Has anyone tried this lately? And, I can see how this would work during an evening watching TV - i.e., unplug the cable and then watch from the menu > playlist, but what happens, say, overnight? Does the machine need to be unplugged from the power so it will reboot from scratch at the next startup? Or just powered off as usual, then back on the next day?


----------



## Laxguy (Dec 2, 2010)

Your best bet is to see what happens with your setup. Different units have different operations when it comes to that, and software versions can cause more variation. What is certain is that if you de-activate while connected to the sat., you'll not see anything after a power down and re-power. So, once you see what happens overnight, you'll get some info, but no one can say that it'll last for months, weeks, days or a few hours. A crap shoot you might say!


----------



## bpratt (Nov 24, 2005)

SVTarHeel said:


> Has anyone tried this lately? And, I can see how this would work during an evening watching TV - i.e., unplug the cable and then watch from the menu > playlist, but what happens, say, overnight? Does the machine need to be unplugged from the power so it will reboot from scratch at the next startup? Or just powered off as usual, then back on the next day?

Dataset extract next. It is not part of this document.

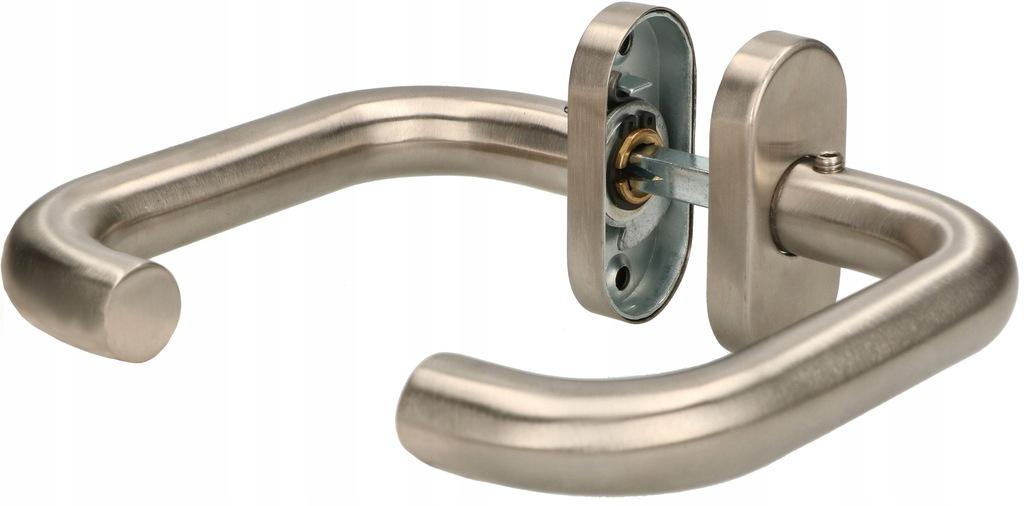 Stainless steel INOX handle "U" with safety plate OVAL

I recently added an HR44-500 (September 2013). My plan was to keep one HR21-700 attached to the SWM 8 and disconnect the other but keep it active until we watched all the recorded shows. I was able to watch shows on the disconnected HR21 for about 3 days, then it would not let me watch anything. I tried all the above suggestions to get it to allow me to watch the recordings with no success. I finally had to re-attach the coax to the second HR21 after running sat setup and telling it to use only one tuner to be able to watch the recorded shows. The second HR21 never lost power and a reboot was not performed.


----------



## peds48 (Jan 11, 2008)

bpratt said:


> I recently added an HR44-500 (September 2013). My plan was to keep one HR21-700 attached to the SWM 8 and disconnect the other but keep it active until we watched all the recorded shows. I was able to watch shows on the disconnected HR21 for about 3 days, then it would not let me watch anything. I tried all the above suggestions to get it to allow me to watch the recordings with no success. I finally had to re-attach the coax to the second HR21 after running sat setup and telling it to use only one tuner to be able to watch the recorded shows. The second HR21 never lost power and a reboot was not performed.

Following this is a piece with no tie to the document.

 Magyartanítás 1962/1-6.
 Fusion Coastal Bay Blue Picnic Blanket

Wondering what was preventing you from watching. any error messages? Perhaps, a 722 OSD?...


----------



## bpratt (Nov 24, 2005)

peds48 said:


> Wondering what was preventing you from watching. any error messages? Perhaps, a 722 OSD?...


I got a message that indicated I could not watch recorded shows without a satellite signal. I don't remember exactly what the message said, but everything I tried would not get around it.


----------